Comments (10)
👏 Thanks for not only tackling this issue, but also for documenting the process so nicely! Reading this issue was very instructive and insightful.
from brew.
Looks like there are a couple other issues besides the pattern for valid XML characters.
The output from the test steps is buffered one byte at a time, because the IO streams for the IO.pipe
are encoded as BINARY
.
begin
pid = fork do
read.close
$stdout.reopen(write)
$stderr.reopen(write)
write.close
working_dir.cd { exec(*@command) }
end
write.close
while buf = read.read(1)
if verbose
print buf
$stdout.flush
end
@output << buf
end
ensure
read.close
end
Since buf
is a BINARY
aka ASCII-8BIT
stream, I think that means each individual byte will be coerced to a UTF-8
character, not code unit, when it's appended to @output
, which is initialized with @output = ""
and thus has UTF-8 encoding. So multibyte UTF-8 characters will be transcoded wrong. The output should be buffered as binary and only converted when fully collected (or converted in chunks with support for "remainders").

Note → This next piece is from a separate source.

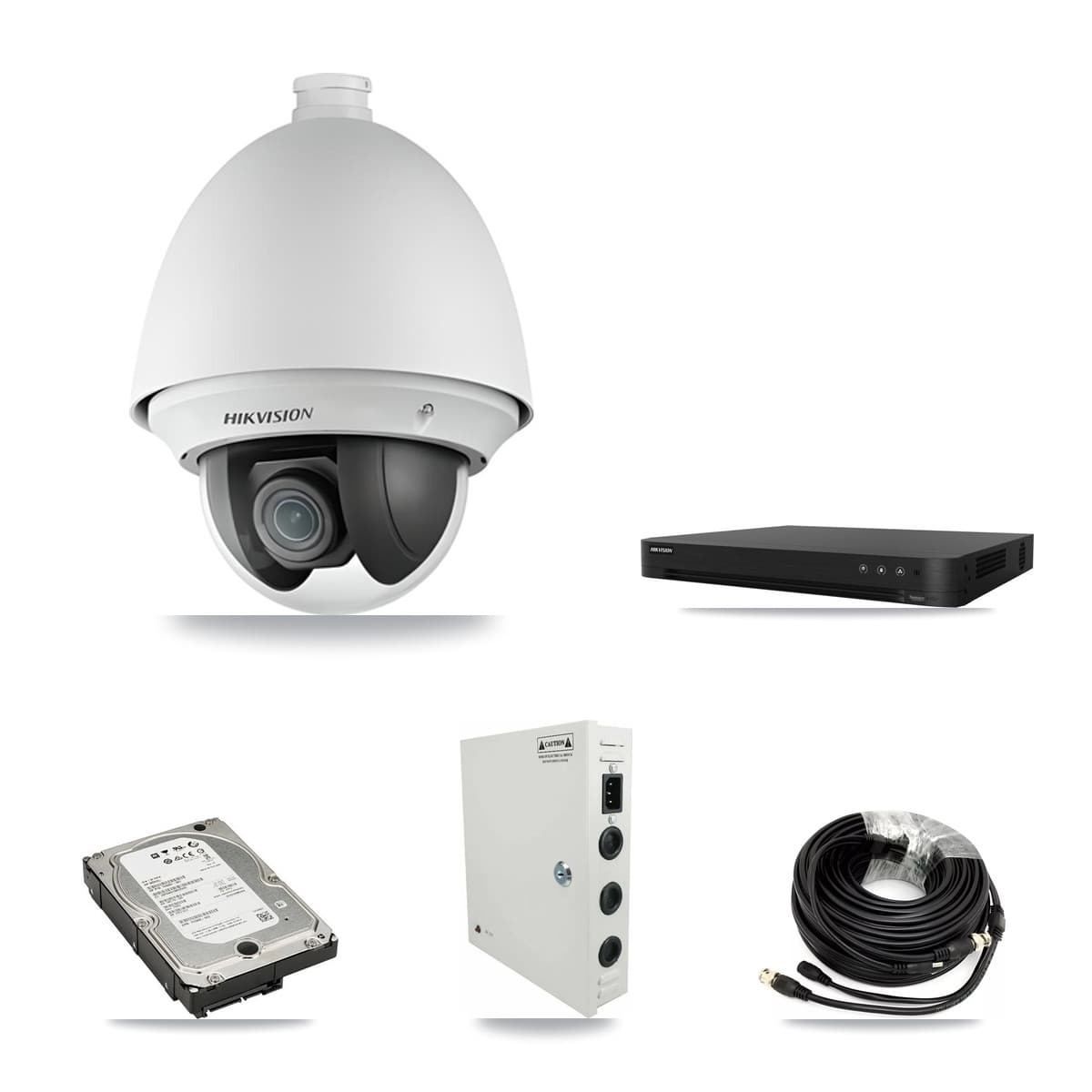 Hikvision 16-Channel 2MP CCTV Kit — 8 DS-2AE4225T PTZ Cameras + 5TB Recording (DS-7216HGHI Recorder)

Then later on, long output is truncated. At this point, it's a UTF-8 string, so slice()
takes offsets in character counts. But the bounds are calculated in terms of bytes, so they may be off, and it's possible that output with lots of multibyte characters could cause the offsets to fall outside the bounds of the string, erroneously producing nil
instead of a substring. Or if there are lots of multibyte characters, the resulting truncated string could still be significantly longer than 1 MB, which could be a problem if that 1 MB is a hard limit.

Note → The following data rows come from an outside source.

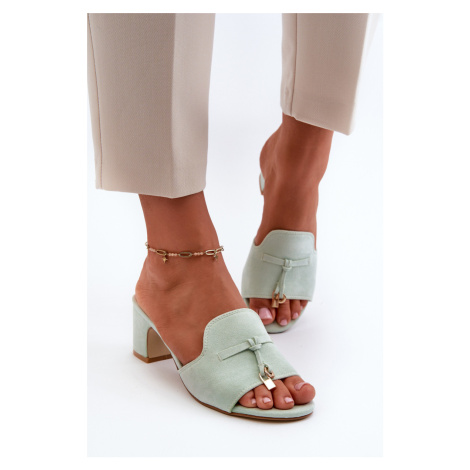 Women's slippers with eco suede high heels, mint Jemenna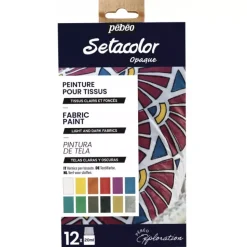 Set de Iniciación Setacolor 12 Pinturas tela opacas tela Pebeo 20ml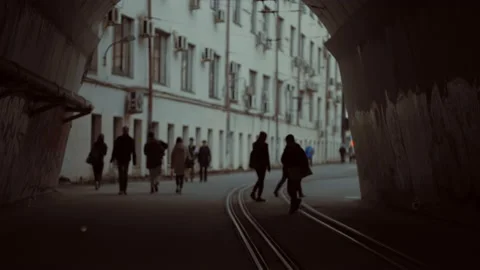 Old tunnel and tram rails Video stock 153370595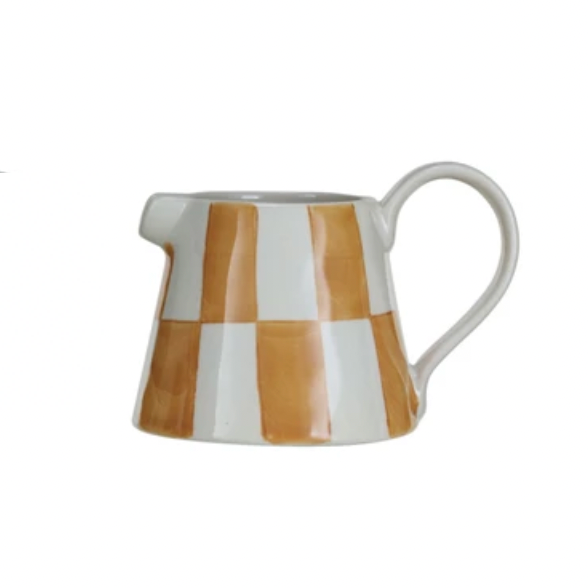 Mustard check ceramic creamer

if output.bytesize > BYTES_IN_1_MEGABYTE
output = "truncated output to 1MB:\n" \
+ output.slice(-BYTES_IN_1_MEGABYTE, BYTES_IN_1_MEGABYTE)
end
Working on fixing those up as part of this.
from brew.
I think I have a fix for this – apjanke@eb8db20. But I don't know how to write a unit test for it, since test-bot
is already a testing scaffold, and (I think) is dependent on the state of your local git repos.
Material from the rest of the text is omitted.